## Task brief
State the number of lines in these records that include the word "Well", and add nothing to it.
===== Dataset extract
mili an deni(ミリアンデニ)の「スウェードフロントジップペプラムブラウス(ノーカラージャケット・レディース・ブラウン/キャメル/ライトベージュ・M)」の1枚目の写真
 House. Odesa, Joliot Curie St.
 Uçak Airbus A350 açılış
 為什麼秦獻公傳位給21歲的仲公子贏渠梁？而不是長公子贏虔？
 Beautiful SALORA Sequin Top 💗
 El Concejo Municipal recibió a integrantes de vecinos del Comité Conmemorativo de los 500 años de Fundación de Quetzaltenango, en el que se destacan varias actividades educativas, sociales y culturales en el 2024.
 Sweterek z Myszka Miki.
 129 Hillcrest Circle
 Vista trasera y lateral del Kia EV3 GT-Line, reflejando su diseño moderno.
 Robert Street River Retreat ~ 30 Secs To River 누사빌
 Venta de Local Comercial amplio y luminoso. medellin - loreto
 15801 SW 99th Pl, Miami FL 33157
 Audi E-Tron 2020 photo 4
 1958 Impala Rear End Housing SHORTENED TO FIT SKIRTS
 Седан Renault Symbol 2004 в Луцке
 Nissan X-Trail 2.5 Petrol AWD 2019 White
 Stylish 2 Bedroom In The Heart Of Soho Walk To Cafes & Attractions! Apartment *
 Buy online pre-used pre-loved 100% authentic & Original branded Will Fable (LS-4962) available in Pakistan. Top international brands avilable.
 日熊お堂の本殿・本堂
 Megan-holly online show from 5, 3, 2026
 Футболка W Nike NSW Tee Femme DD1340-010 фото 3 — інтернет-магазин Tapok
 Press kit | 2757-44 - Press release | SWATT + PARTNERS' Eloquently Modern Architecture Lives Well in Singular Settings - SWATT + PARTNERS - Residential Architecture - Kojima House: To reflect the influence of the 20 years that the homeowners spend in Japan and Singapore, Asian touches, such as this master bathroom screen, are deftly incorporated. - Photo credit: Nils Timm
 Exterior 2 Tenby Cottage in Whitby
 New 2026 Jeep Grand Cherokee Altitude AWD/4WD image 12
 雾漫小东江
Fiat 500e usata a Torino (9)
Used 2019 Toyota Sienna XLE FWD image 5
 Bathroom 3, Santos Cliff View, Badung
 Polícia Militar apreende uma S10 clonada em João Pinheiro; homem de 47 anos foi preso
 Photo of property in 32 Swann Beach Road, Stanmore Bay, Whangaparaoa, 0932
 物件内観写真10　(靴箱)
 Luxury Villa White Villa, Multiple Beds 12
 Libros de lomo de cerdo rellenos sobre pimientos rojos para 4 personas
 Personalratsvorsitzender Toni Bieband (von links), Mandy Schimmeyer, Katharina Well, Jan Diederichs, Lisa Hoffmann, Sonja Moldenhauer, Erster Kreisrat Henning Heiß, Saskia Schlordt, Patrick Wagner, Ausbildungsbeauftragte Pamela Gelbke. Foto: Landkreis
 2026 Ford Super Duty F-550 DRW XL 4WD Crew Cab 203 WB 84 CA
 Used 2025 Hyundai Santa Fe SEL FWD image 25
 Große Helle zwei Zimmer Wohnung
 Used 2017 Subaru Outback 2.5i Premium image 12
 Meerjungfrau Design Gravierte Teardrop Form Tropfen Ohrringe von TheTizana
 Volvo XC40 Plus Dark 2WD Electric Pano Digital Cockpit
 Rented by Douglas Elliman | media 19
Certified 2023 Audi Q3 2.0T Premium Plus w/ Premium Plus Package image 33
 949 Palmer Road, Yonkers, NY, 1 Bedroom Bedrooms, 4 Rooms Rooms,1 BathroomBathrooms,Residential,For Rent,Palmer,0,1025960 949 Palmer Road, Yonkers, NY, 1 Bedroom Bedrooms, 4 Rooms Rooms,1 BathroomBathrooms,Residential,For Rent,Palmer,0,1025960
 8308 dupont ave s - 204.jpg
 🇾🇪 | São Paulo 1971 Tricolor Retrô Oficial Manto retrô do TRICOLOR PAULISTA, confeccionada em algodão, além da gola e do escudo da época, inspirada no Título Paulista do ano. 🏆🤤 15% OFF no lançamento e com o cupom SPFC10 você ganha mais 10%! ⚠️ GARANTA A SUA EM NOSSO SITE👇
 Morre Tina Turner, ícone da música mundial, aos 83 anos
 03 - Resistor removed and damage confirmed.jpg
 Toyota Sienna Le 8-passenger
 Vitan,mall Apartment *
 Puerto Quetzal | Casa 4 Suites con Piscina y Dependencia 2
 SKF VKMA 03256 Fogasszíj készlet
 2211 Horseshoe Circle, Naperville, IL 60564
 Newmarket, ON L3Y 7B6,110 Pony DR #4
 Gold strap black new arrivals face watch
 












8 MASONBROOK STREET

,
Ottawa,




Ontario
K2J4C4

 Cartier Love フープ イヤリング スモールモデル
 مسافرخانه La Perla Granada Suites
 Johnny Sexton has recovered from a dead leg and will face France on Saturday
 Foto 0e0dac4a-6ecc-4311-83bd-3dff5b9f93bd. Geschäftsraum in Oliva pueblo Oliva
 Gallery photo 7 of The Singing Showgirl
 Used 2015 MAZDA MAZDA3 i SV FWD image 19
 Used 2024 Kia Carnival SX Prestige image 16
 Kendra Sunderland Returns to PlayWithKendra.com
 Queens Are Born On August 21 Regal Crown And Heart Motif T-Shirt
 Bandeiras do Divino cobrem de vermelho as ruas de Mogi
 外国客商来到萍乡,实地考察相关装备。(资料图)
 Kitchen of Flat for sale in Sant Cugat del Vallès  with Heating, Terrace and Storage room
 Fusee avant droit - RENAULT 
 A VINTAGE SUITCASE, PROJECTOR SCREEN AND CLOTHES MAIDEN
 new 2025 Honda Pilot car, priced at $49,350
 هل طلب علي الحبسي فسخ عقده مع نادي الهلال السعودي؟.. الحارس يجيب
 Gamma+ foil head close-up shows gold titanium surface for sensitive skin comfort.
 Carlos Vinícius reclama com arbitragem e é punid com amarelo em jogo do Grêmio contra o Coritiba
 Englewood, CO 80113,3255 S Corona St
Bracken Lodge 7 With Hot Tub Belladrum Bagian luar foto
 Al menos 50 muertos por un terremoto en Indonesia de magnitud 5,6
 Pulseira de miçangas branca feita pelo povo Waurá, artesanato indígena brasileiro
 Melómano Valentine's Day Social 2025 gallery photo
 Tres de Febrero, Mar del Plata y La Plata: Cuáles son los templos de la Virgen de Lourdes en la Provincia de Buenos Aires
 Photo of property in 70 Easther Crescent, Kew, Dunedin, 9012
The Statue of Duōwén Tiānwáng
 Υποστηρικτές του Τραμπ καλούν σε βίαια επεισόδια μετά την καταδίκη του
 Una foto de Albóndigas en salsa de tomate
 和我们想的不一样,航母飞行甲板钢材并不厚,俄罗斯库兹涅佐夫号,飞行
==========
## Output
2